Ease On Down The Road

Cormac McCarthy’s The Road had been on my to-read list for many years. I’d never read any of his works, despite his semi-ubiquity, and moreso than The Border, No Country For Old Men, or his other prominent works, somehow I’d always felt that The Road was the one for me. So, what took me so long? Eh, you know. Stuff.

One contributing factor, though, was that every time I was in a bookstore with someone and I saw The Road, then announced my intention to read it, the response was always some variation of “woah, dude, that’s some dark shit.” Not that the warning itself was particularly off-putting. I think these people more or less knew that they’re talking to a guy who’s read Crime & Punishment three times. But in the moment it would temper my perceived need. Still plenty of unread books on the shelf and blah blah blah.

But I was blissfully alone in Phoenix Books in Noe Valley early this year when the book presented itself once more. I nabbed it. Plunked myself on our front porch one day last week and read the thing.
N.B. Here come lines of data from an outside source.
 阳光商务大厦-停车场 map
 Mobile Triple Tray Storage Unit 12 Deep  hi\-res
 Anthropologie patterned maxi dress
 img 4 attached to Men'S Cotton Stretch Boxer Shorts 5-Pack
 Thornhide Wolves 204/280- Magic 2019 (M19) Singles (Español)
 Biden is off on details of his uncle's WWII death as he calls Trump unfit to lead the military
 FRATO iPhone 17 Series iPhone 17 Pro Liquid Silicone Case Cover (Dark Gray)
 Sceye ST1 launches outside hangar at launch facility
Is it grim? Sure. Post-apocalyptic wastelands are no Six Flags. But The Road is a love story, and a beautiful one at that. The man cares for his boy, looks out for his future best interest, lies to him then sees that the boy need the truth and comes clean. The tables gradually turn. The boy’s growth becomes apparent, their roles subtly invert. Until, finally, the inevitable end. I’d call it a happy ending. But, given mankind’s nearly total annihilation, happiness is a very relative term. We’re resilient creatures. And often we’ll take what we can get because that’s the only thing that will keep us going.